Data Quality Tips from Our Experts
DQT Assistant Manager
Increasing the Speed of Melissa Data Libraries
There are several architectural/language/optimization changes that can speed up processing. They are listed here in order with suggestions most likely to increase speed at the top. Of course, these are not the only measures one can take to increase speed but from our experience, these are the most effective.
1. Make sure you are using 1 object per batch process.
You only need to initialize one instance of an object to process a batch list. Make sure that you are not creating a new instance and re-initializing for every record unless you absolutely have to.
2. Move to a more optimized programming language.
The fastest language to use is C++ because our components are written in C++. However, any modern Object Oriented language will provide fairly similar speeds.
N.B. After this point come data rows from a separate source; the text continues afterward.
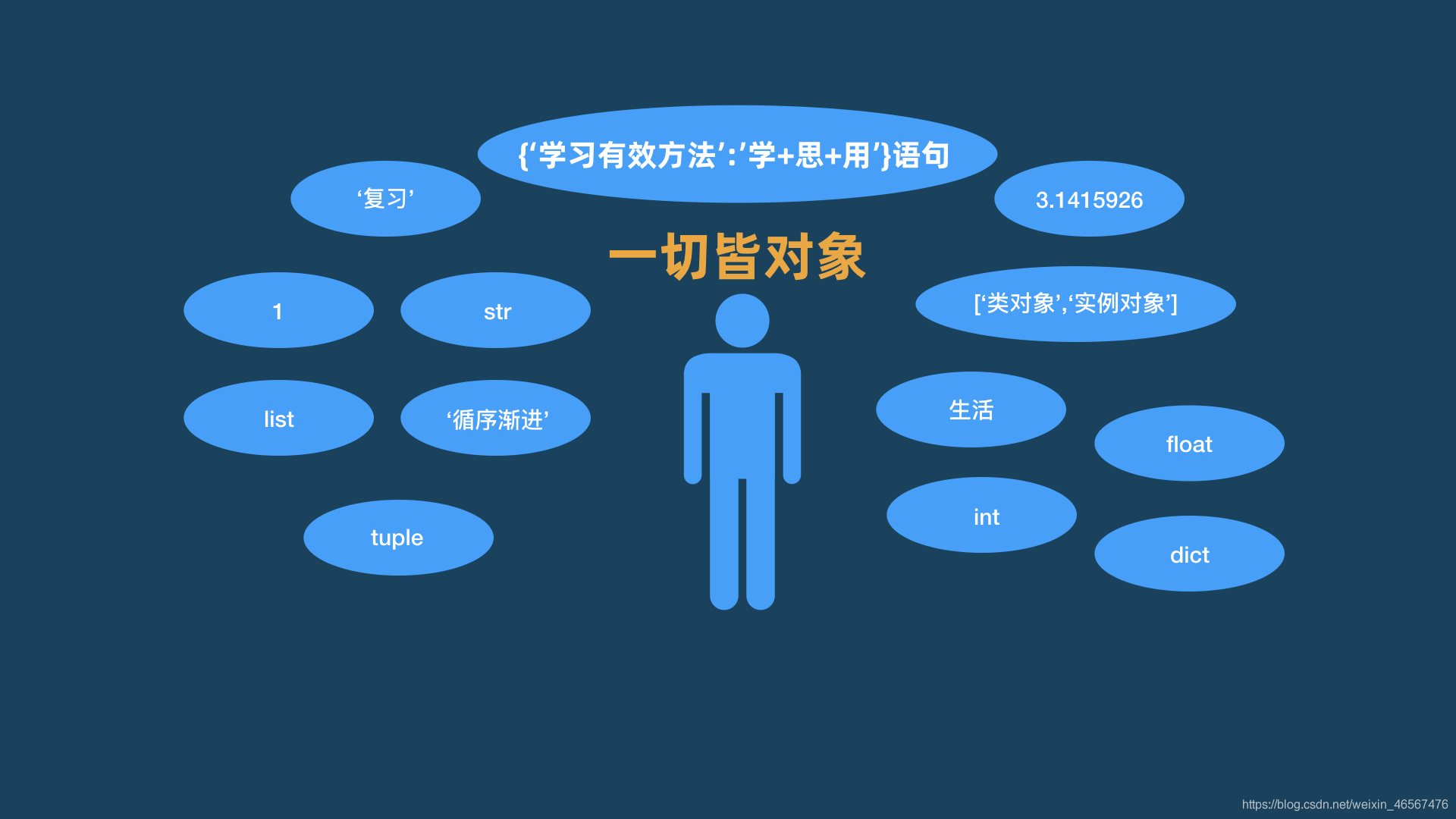 浅析面向对象和面向过程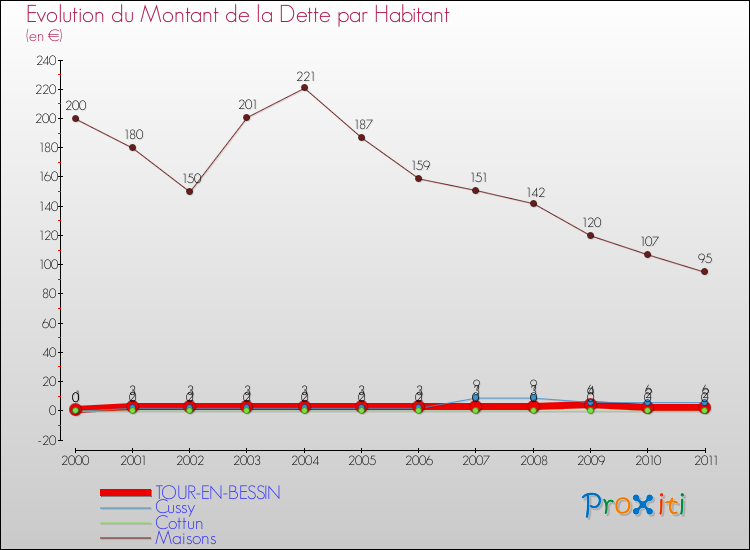 Evolution de la dette par habitant pour la commune de TOUR-EN-BESSIN et les communes proches Comparaison de la dette par habitant pour TOUR-EN-BESSIN et les communes voisines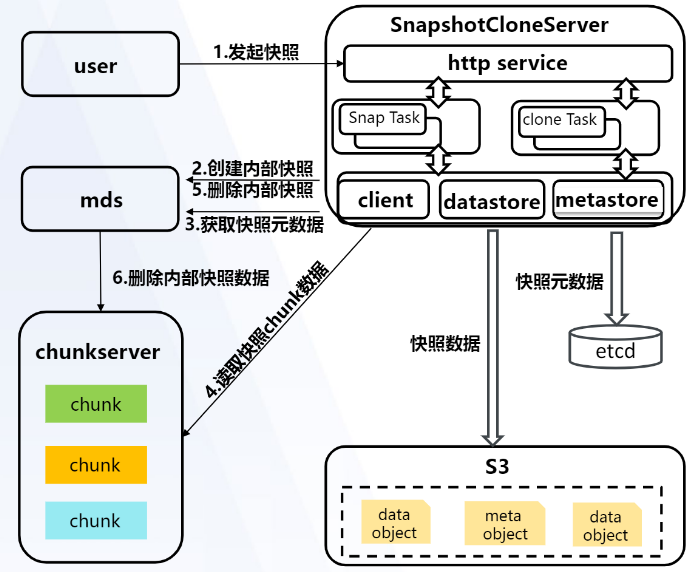 curvebs_create_snapshot.png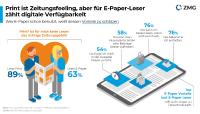 Print ist Zeitungsfeeling, E-Paper besonders flexibel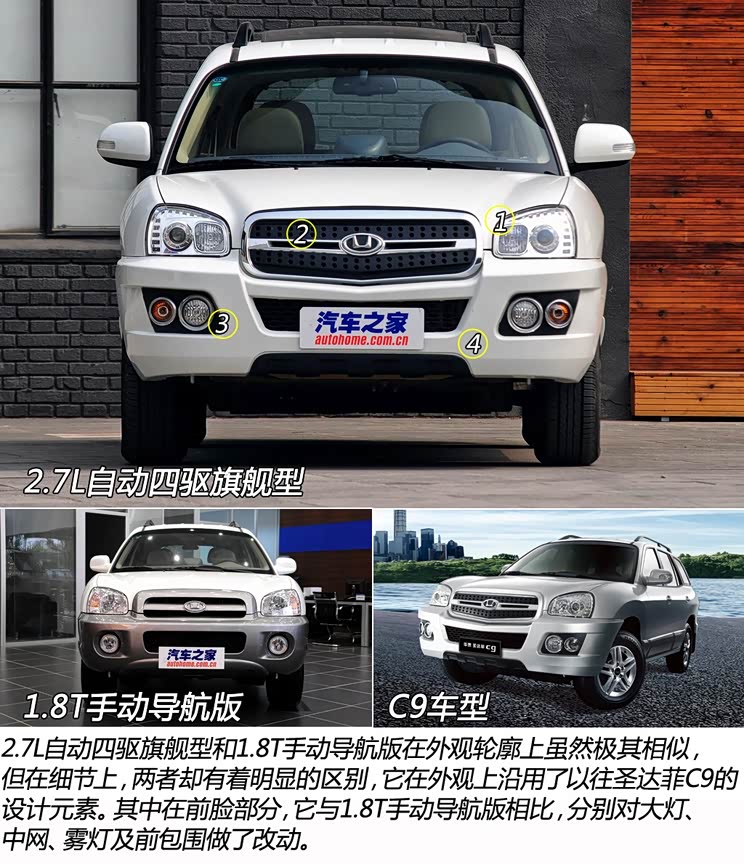 华泰华泰汽车圣达菲2012款 2.7L 自动四驱旗舰型 华泰华泰汽车圣达菲2012款 2.7L 自动四驱旗舰型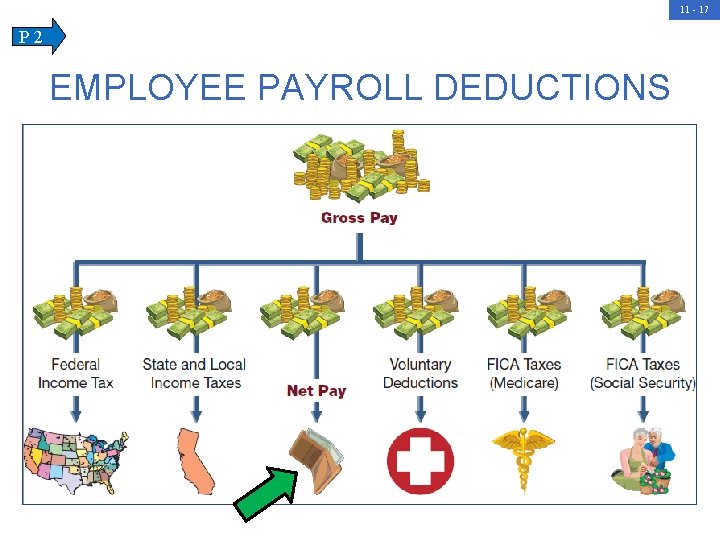 11 - 17 P 2 EMPLOYEE PAYROLL DEDUCTIONS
The main exception is T-SQL. SQL Server was not designed to use third party components as fast, and will process contact data anywhere from three to 10 times slower. If your data is stored in SQL, we recommend you invoke and use our components in another programming language (like C#, VB.NET, C++, Java) and create a connection to the SQL Server to retrieve and store the data. Additionally, sometimes the time taken for selects, inserts, and/or updates gets confused for processing time of our components when they alone account for a significant portion of the overall time.
3. Order the data by ZIP Code™.
The source data we used to verify and look up addresses information is stored in ZIP Code order. So, if your data is also in ZIP Code order, there will be less data being moved in and out of cache, speeding up processing time.
4. Increase memory (RAM) or improve other hardware.
If you have 1 GB of memory or less, increasing to 2 or 4 GB can significantly increase processing speed. This is the easiest and most effective way to increase speed from hardware. Another hardware upgrade options are is to use a faster hard drive (SCSI or solid state).
Our components are thread safe and can have multiple instances running in multiple threads. Having additional threads will allow you to take full advantage of CPU time as well as multiple cores. Adding threads will increase processing (up to a certain point) but each additional thread will provide diminishing value. We recommend 2-3 threads per core.
Disclaimer: Do not use multi-threading until you are comfortable and experienced with it. Data access of our components are thread safe but you must maintain thread safety for accessing our libraries. Rule of thumb: one thread per instance.
6. Cut out COM Interop.
Our windows components are available in two flavors, COM and standard dll. They both have the same core verification engine but the COM version has a COM Interop layer to facilitate communication with many popular programming languages. If you are experienced with COM vs non-COM, you may look into using the standard dll to remove the COM Interop layer and reduce the amount of data marshalling. For .NET users, both the COM (samples directory) and the standard dll (interfaces/NET directory) sample codes are available.